### TASK OBJECTIVE
Copy the entries below exactly, but only from the line containing "Scale – UMCS" through the final line.

Caption-style text data
=== Begin Enclosure ===

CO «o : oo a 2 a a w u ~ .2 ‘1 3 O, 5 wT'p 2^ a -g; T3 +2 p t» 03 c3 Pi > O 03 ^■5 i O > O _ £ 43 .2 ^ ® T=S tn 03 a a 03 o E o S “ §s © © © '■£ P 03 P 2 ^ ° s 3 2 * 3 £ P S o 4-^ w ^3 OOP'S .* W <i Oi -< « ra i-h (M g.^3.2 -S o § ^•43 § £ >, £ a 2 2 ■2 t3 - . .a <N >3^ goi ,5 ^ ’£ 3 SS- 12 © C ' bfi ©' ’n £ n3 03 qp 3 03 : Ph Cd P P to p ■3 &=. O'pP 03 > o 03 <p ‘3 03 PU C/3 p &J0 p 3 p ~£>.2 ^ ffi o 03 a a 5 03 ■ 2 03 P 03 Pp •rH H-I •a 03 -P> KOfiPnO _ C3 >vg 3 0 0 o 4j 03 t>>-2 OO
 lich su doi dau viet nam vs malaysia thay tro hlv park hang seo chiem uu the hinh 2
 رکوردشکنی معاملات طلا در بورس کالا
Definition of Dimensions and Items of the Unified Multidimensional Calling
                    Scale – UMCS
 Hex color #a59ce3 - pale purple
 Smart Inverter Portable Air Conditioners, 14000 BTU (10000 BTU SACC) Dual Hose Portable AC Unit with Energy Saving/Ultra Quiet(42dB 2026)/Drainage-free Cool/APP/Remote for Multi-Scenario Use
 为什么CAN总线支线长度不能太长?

=== End Enclosure ===

### RESPONSE BELOW
                    Scale – UMCS
 Hex color #a59ce3 - pale purple
 Smart Inverter Portable Air Conditioners, 14000 BTU (10000 BTU SACC) Dual Hose Portable AC Unit with Energy Saving/Ultra Quiet(42dB 2026)/Drainage-free Cool/APP/Remote for Multi-Scenario Use
 为什么CAN总线支线长度不能太长?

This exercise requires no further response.